B. Les conséquences de la postériorité de la créance à l’ouverture de la procédure collective
La confrontation des dates s’avère défavorable aux ayants droit. La procédure de redressement judiciaire a été ouverte le 7 mars 2014, puis convertie en liquidation judiciaire le 24 juillet 2014. La créance indemnitaire est née le 20 décembre 2018. La cour en tire les conséquences logiques : « cette connaissance, qui constitue le fait générateur du préjudice d’anxiété, est intervenue postérieurement à la date d’ouverture du redressement et de la liquidation judiciaires ».
La décision aboutit à une situation paradoxale. L’action est déclarée recevable précisément parce que le point de départ de la prescription est fixé tardivement. Cette même date tardive exclut la garantie de l’AGS. Le salarié, ou ses ayants droit, se trouve titulaire d’une créance fixée au passif de la liquidation judiciaire, mais dépourvue de toute garantie.

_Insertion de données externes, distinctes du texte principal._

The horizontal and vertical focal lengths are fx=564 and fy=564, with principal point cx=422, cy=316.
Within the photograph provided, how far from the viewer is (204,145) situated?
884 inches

La mise hors de cause de l’AGS résulte d’une application stricte du texte. La cour conclut que « l’AGS n’a pas vocation à garantir le préjudice d’anxiété né de l’exposition du salarié à l’amiante ». Cette solution, juridiquement fondée, laisse les créanciers face à l’aléa du recouvrement dans le cadre de la procédure collective.
La portée de cet arrêt dépasse le cas d’espèce. Elle pose la question de l’articulation entre la protection des victimes de l’amiante et le mécanisme de garantie des salaires. Le régime du préjudice d’anxiété, construit autour de la connaissance du risque, peut aboutir à priver les salariés de la garantie de l’AGS lorsque cette connaissance intervient après l’ouverture d’une procédure collective. Cette conséquence invite à s’interroger sur l’opportunité d’une intervention législative visant à sécuriser l’indemnisation des victimes de l’amiante dans le contexte des entreprises en difficulté.